States Attorney's Office District of Connecticut
|May 26, 2010||
CALIFORNIA MILITARY CONTRACTOR PAYS $1.2 MILLION TO SETTLE ALLEGATIONS UNDER THE FALSE CLAIMS ACT
David B. Fein, United States Attorney for the District of Connecticut, today announced that CERADYNE, INC., of Costa Mesa, California, which manufactures armored plated inserts used in Black Hawk Helicopters, has entered into a civil settlement in which it will pay $1.2 million to resolve allegations that it violated the False Claims Act arising from the failure to ballistically test armor plated inserts for Black Hawk helicopters manufactured by Sikorsky Aircraft Company of Stratford, Connecticut, a division of United Technologies Corporation. CERADYNE is a subcontractor to Sikorsky, which manufacturers the Black Hawk for the United States Army.
The armor plated inserts, which were manufactured by CERADYNE, are installed as original equipment on Black Hawk helicopters. Black Hawks are manufactured for the U.S. Army and for other nations, and Black Hawk-derivative aircraft are manufactured for the United States Navy, Air Force and Marines. The investigation revealed that from 1992 until 2006, the ballistic panels, which are installed both to the left of the pilot and to the right of the co-pilot on Black Hawk helicopters, were not tested to ensure that they had been manufactured according to government requirements.
“Testing of armor plating is a vitally important part of the manufacturing process and deviation from testing protocols puts the lives of our brave service members at risk,” stated David B. Fein, United States Attorney for the District of Connecticut. “The U.S. Attorney’s Office takes these matters very seriously and we will do all that we can to ensure the safety of the men and women in the military.”
“A major priority of the Defense Criminal Investigative Service is to ensure our military members have the equipment necessary for their safety and the protection of our nation,” stated Sharon Woods, Assistant Principal Inspector General for DCIS. “It is critical that DoD contractors perform the testing required under the specifications of the contract.”

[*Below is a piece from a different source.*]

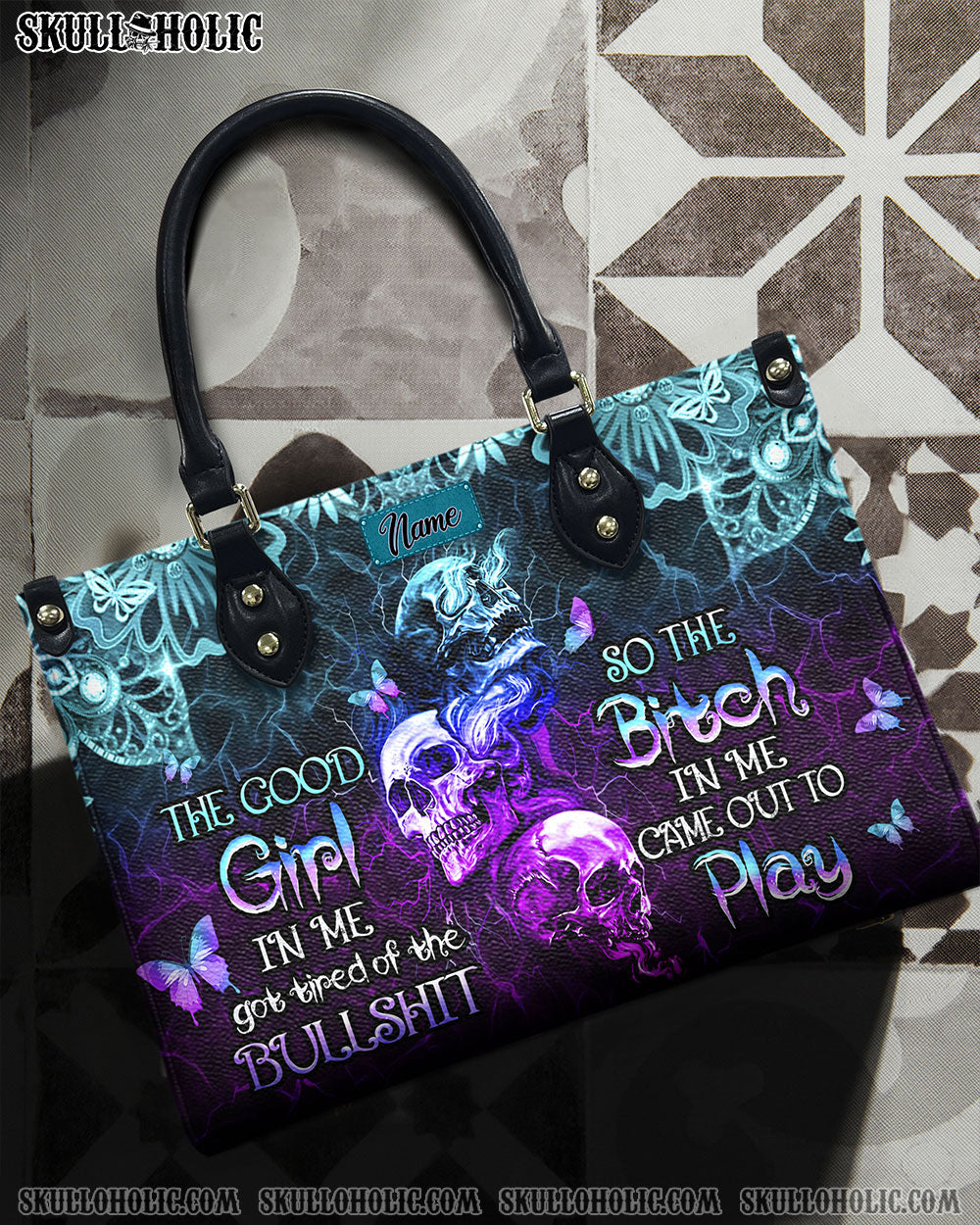 BLISSCORNERS THE GOOD GIRL IN ME GOT TIRED SKULL ROSE LEATHER HANDBAG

“Today’s announcement demonstrates our continued commitment to thoroughly investigate all allegations of wrongdoing or failure to meet specified contract requirements – especially while our Nation is at war and we are sending our dedicated service members into harm’s way,” stated Brigadier General Colleen McGuire, the Provost Marshal General of the Army and Commanding General of the U.S. Army Criminal Investigation Command.

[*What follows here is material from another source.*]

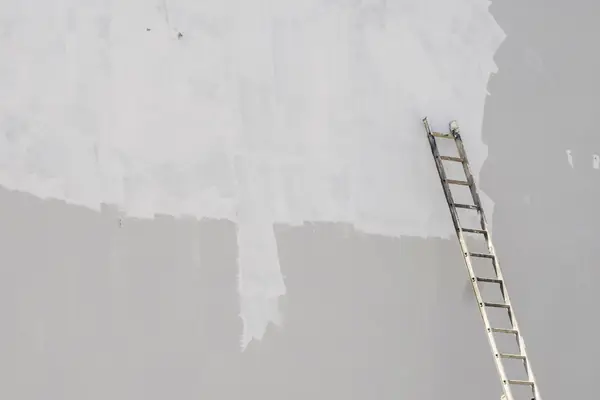 Exterior painting in Madison: ladder against a freshly primed wall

In March 2009, Sikorsky Aircraft entered into a civil settlement with the Government and paid $2,941,000 to resolve allegations that it violated the False Claims Act stemming from CERADYNE’s failure to ballistically test the armor panels.

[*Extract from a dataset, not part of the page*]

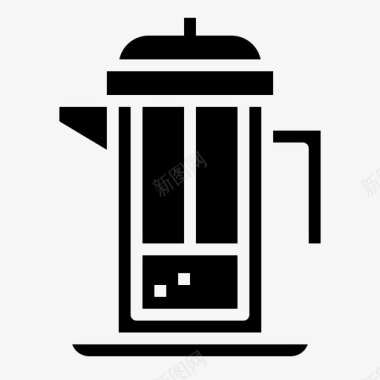 法式法式印刷机咖啡机柱塞式图标图标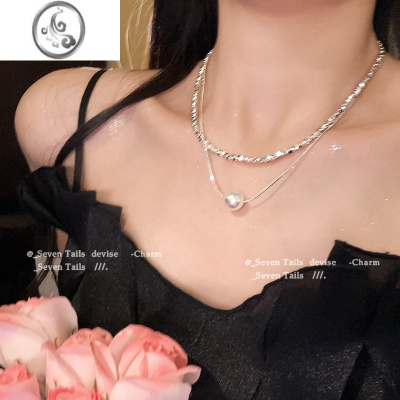 JiMi人间星河~高级设计感小众双层项链2023新款碎银子珍珠锁骨链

The Government knows of no injuries resulting from the untested plates.
In the agreement CERADYNE specifically denied the government’s allegations and asserted that it had numerous defenses to any liability.
The investigation was conducted by the Defense Criminal Investigative Service, U.S. Army Criminal Investigation Command, Defense Contract Audit Agency, and Defense Contract Management Agency. The matter was prosecuted by Assistant U.S. Attorney Alan M. Soloway.